Uganda Co-operative Bank
- Company type: Public company
- Industry: Financial services
- Founded: 2024 (Expected)
- Headquarters: Kampala, Uganda

= Uganda Co-operative Bank =

Uganda Co-operative Bank is a proposed commercial bank expected to be established in Uganda, the third-largest economy in the East African Community. The new institution is expected to "enhance the availability of affordable financing to viable projects in agriculture and micro and medium scale enterprises development" in the country.

==Overview==
Uganda's co-operative societies, traders and farmers experience difficulty in accessing loans from commercial banks, on account of high interest rates and unfavorable repayment terms. In June 2016, Amelia Kyambadde, the Minister of Trade, Industry and Cooperatives (MoITC), disclosed that the Ugandan cabinet had approved the establishment of Uganda Cooperative Bank. The MoITC is "tasked with coordinating enterprise-based cooperative movements to merge into the bank".

==History==
An institution with the same name was established in the 1960s as a commercial bank. That bank was closed on 19 May 1999, by the late Charles Kikonyogo, the governor of the Bank of Uganda at that time. The reasons given for its closure were "inadequate capitalization" and "insolvency to the tune Sh4.8 billion, as at 31 December 1998". The EastAfrican reported in June 1999, that the bank's collapse was as a result of the withdrawal of support by USAID, and a case of fraud involving bank officials.

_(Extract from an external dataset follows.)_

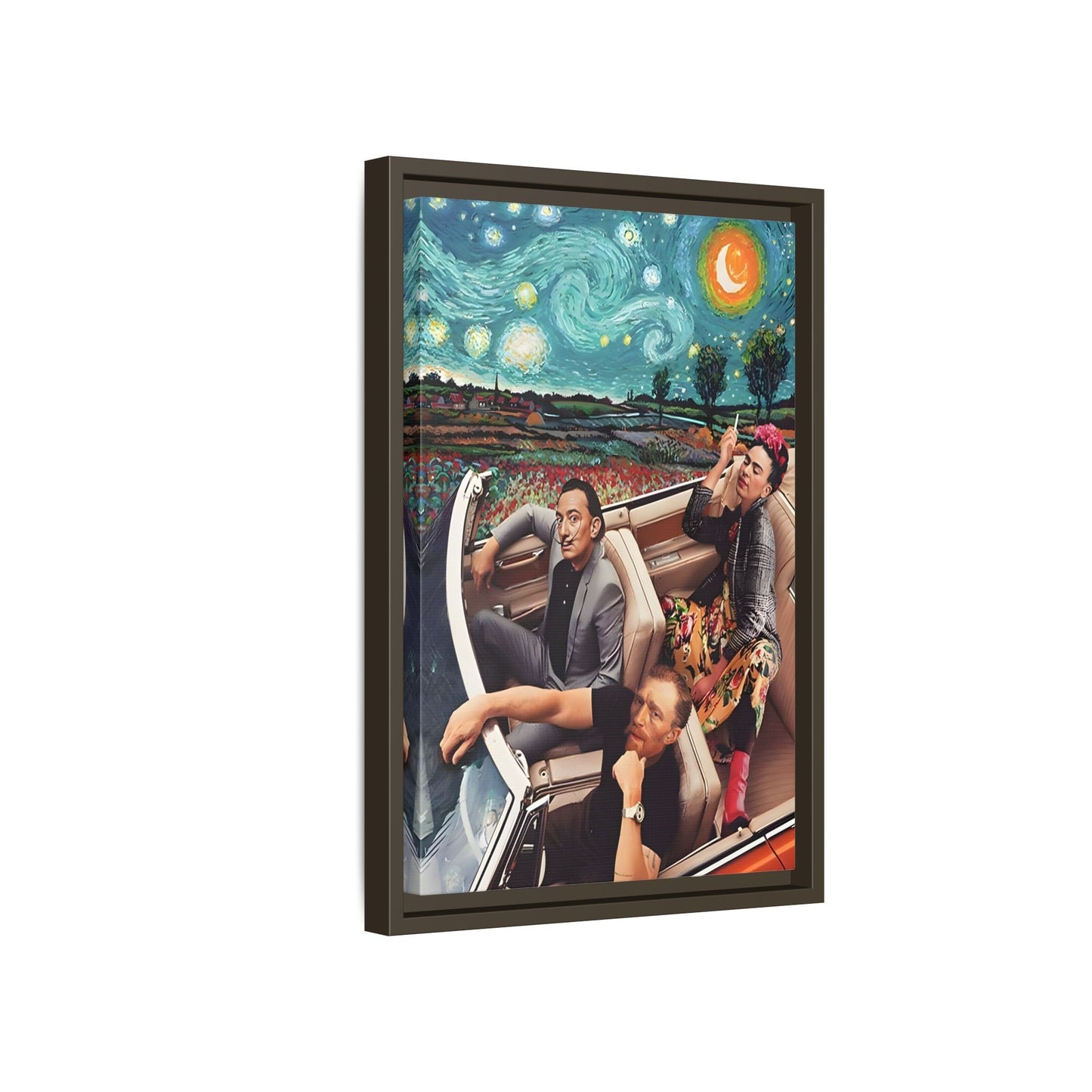 Starry Night Kahlo Van Gogh Dali Car Wall Art Canvas, Modern Framed Funny Print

Since 2008, there have been efforts to re-open the bank or create a replacement. In June 2019, Amelia Kyambadde, Uganda's Minister of Trade, Industry and Cooperatives set a target of 2021 for the establishment of the bank.

==Shareholding==
The shareholders in the new bank are expected to include the following, among others: 1. Kyankwanzi Sacco Limited 2. West Mengo Cooperative Union Limited 3. Bunyoro Growers’ Cooperative Union 4. East Mengo Cooperative Union Limited 5. West Acholi Cooperative Union Limited and 6. Masaka Cooperative Union Limited.

==Developments==
In August 2023 Frederick Ngobi Gume, the Ugandan State Minister for Cooperatives inaugurated the restoration committee established to steer the creation of the bank. To distinguish it from the defunct institution created in the 1960s and abolished in 1999, the new bank will be known as the National Cooperative Bank. The restoration committee has 90 days to produce its report.